◆ **Exercise prompt**:
Each line of the data below that includes the string "online" must be copied.

◆ **Supplied entries**:
*** Block opens ***

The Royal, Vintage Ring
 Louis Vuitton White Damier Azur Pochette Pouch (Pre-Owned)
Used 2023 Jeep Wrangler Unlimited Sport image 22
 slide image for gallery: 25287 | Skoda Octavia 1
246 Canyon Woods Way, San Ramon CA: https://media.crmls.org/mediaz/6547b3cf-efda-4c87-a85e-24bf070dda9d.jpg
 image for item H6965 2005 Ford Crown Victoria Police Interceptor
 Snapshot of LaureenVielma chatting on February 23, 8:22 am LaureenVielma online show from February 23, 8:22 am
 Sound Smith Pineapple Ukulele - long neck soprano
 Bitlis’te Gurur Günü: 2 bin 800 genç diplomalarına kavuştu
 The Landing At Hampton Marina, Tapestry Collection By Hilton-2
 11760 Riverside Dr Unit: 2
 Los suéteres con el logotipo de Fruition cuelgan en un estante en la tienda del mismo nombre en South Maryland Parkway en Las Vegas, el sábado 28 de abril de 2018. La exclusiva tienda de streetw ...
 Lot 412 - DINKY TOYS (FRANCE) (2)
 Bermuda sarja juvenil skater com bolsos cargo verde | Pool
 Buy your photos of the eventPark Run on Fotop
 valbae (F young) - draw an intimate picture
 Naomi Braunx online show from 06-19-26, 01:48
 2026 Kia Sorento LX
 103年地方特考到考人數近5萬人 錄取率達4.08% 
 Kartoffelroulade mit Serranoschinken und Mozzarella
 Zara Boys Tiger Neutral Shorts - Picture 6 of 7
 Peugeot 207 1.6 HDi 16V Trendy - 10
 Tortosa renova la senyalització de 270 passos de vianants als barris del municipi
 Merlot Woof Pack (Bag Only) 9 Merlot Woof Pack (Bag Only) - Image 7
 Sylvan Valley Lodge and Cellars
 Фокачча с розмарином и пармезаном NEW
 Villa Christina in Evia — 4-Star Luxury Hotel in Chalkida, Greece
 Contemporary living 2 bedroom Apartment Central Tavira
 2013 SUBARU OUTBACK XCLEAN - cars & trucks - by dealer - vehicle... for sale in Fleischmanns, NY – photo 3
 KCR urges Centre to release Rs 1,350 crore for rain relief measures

*** Block closes ***

◆ **Answer space**:
 Snapshot of LaureenVielma chatting on February 23, 8:22 am LaureenVielma online show from February 23, 8:22 am
 Naomi Braunx online show from 06-19-26, 01:48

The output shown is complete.